Watts will be replaced on drums by Steve Jordan, who’s played on Richards’s solo albums as a member of his X-Pensive Winos band.
There have been whispers — which we haven’t been able to confirm — that the Stones will actually be in Boston for a few weeks of rehearsals prior to the performance at Gillette and the beginning of their 13-date US tour. In 1981, before their massive US tour promoting “Tattoo You,” the Stones holed up at Long View Farm in North Brookfield to rehearse.
It’s impossible to know what it might cost to hire the legendary rockers for a night — and Patriots spokesman Stacey James isn’t saying — but we do know that former Hewlett-Packard chairman Ralph Whitworth once ponied up $3 million to have the Rolling Stones perform at a private party.

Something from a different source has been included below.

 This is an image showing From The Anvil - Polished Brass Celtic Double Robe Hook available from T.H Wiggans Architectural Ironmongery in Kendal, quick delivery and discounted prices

Whatever the number, Kraft, who’s worth an estimated $6.9 billion, according to Forbes.com, can afford it. In May, the Wall Street Journal reported that the Pats owner, who owns homes in Brookline and Palm Beach, expanded his real-estate portfolio, paying $43 million for a spectacular, 7,000-square-foot residence in the Hamptons.
It’s also not clear if the Stones concert is celebrating any particular milestone. Kraft turned 80 in June, but he already marked the occasion with a birthday party in the Hamptons hosted by 76ers co-owner Michael Rubin and a guest list that included Jon Bon Jovi, Kenny Chesney, Meek Mill, Billie Jean King, and Adele.
Maybe this one’s just for fun. After all, “It’s Only Rock ‘n Roll.”